Strona:Margrabina Castella from Dziennik dla Wszystkich i Anonsowy Y1888 No21 part8.png

Z Wikiźródeł, wolnej biblioteki
Ta strona została skorygowana.

— Postawić im dobre śniadanie.
— Właśnie tak i ja rozumiałem...
— Ale kto za nich zapłaci?...
— Ją i to z góry!.. naprzód!.. A co się będzie należeć?...
— No, nie tak znowu drogo — po takiem całonocnem używaniu, będzie dosyć, jak im dam zupę cebulaną z serem i kotlety wieprzowe z sosem... Nie dostaną też więcej jak po butelce wina a wódki ani na powąchanie!... Te im przywróci równowagę...
— Więc masz dwadzieścia franków ojcze Filoche, ale pamiętaj, że stanowczo liczę, na, ciebie...

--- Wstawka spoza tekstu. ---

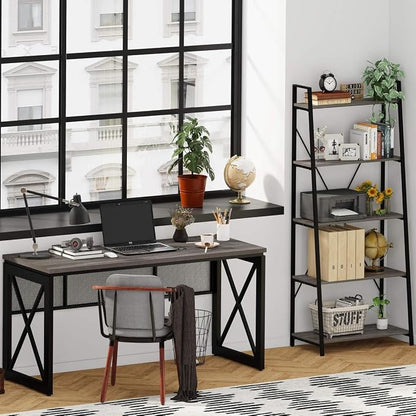 BON AUGURE 5-Tier Ladder Shelf, Industrial Leaning Bookcase, Wood and Metal - Image 8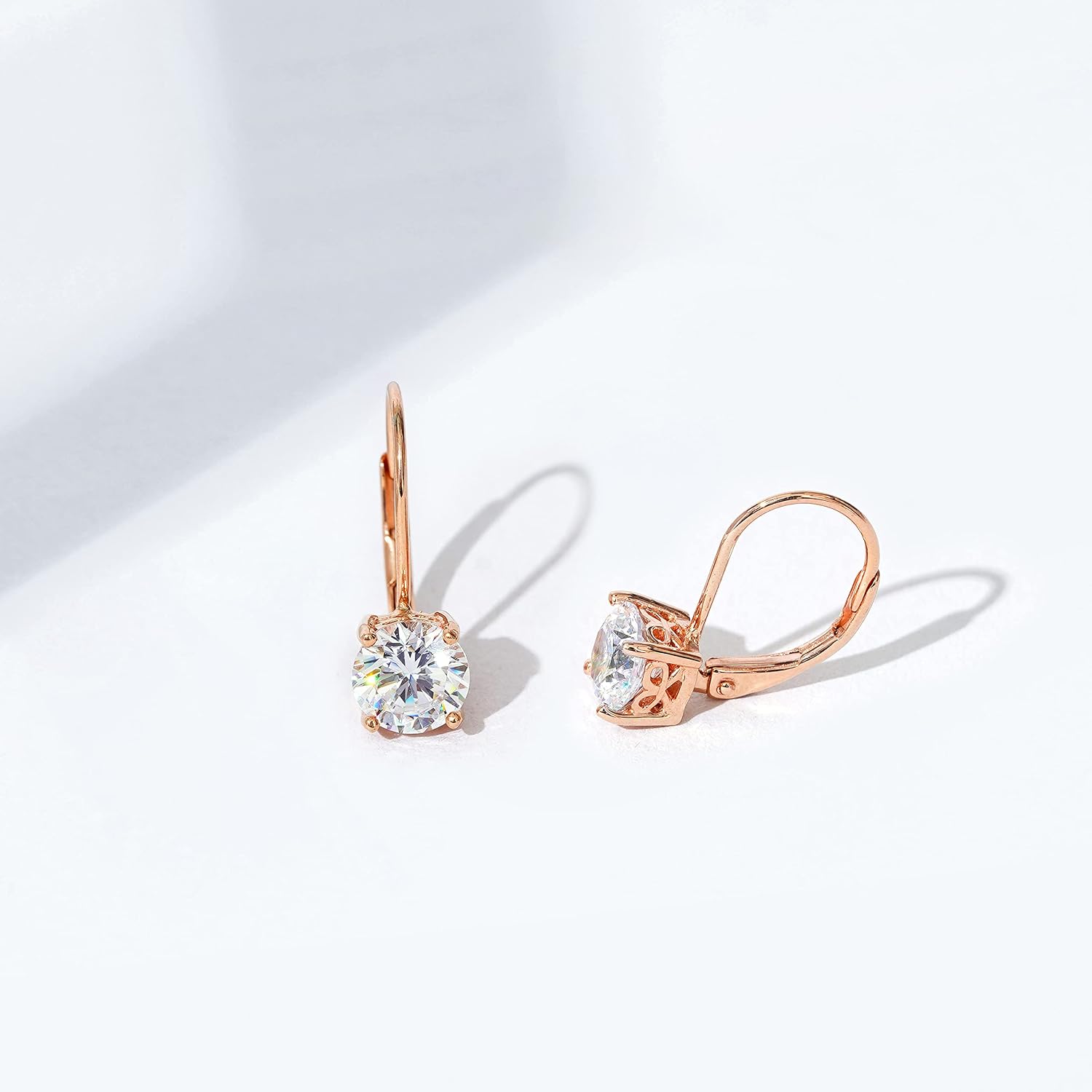 Amazon Collection Platinum-Plated Sterling Silver Infinite Elements Zirconia Leverback Earrings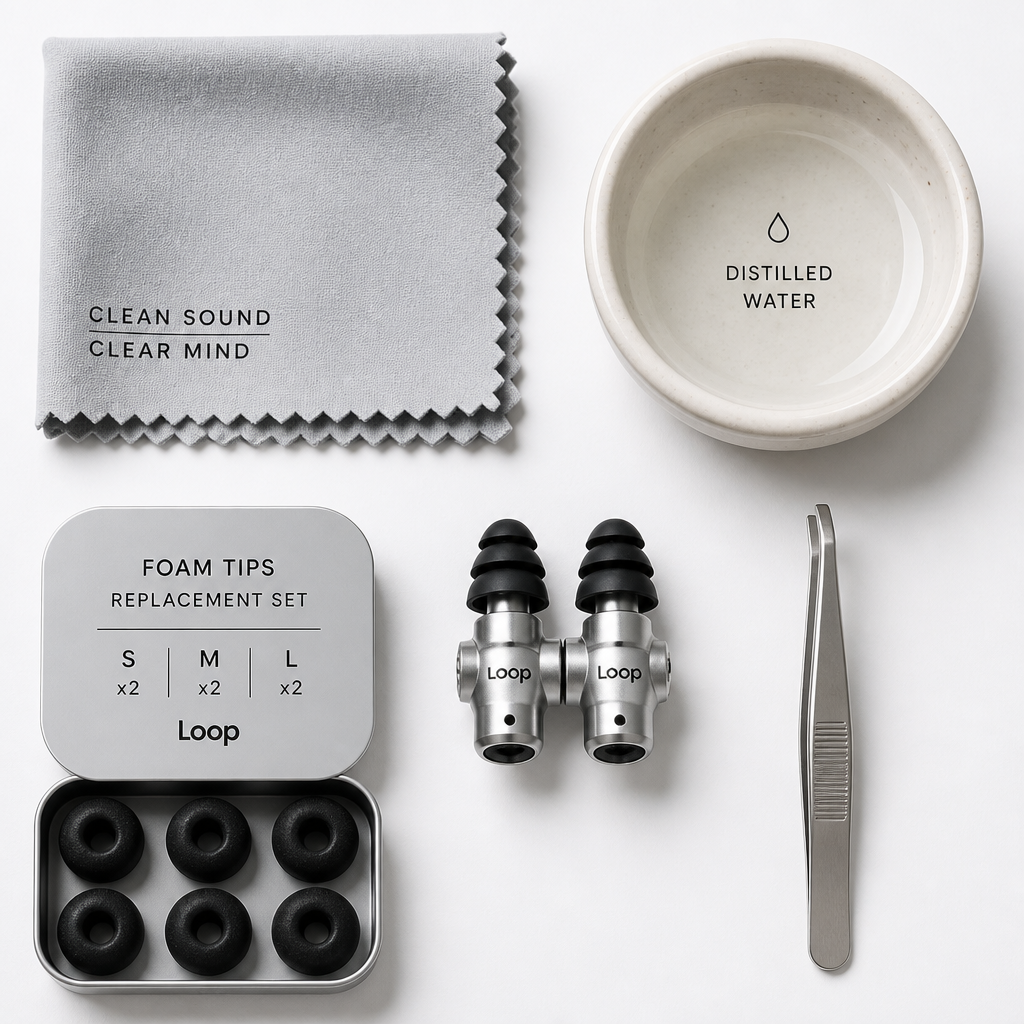 Flat lay of earplugs cleaning and maintenance supplies on white background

— Czy pan zaraz ztąd umykasz?...
— Bądź zatem najzupełniej spokojny!... Skoro się obudzą, powiem im o śniadaniu, ale będę tak długo z niem przewłóczył, ażeby ztąd nie wyszli aż około jakiej czwartej lub piątej!... Dobrze tak, będzie?...

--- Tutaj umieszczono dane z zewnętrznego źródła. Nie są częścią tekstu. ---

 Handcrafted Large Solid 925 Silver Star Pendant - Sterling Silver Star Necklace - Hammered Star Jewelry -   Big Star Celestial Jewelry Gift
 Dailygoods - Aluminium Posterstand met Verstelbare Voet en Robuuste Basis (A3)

— Doskonale... Do miłego widzenia ojcze Filoche.
— No żegnam pana, jako stałego już chyba gościa...
Hrabia de Credencé opuścił restauracyę w Rapée i powróciwszy do Paryża, udał się do swego małego mieszkanka na bulwarze św. Marcina, w którem zwykle się przebierał.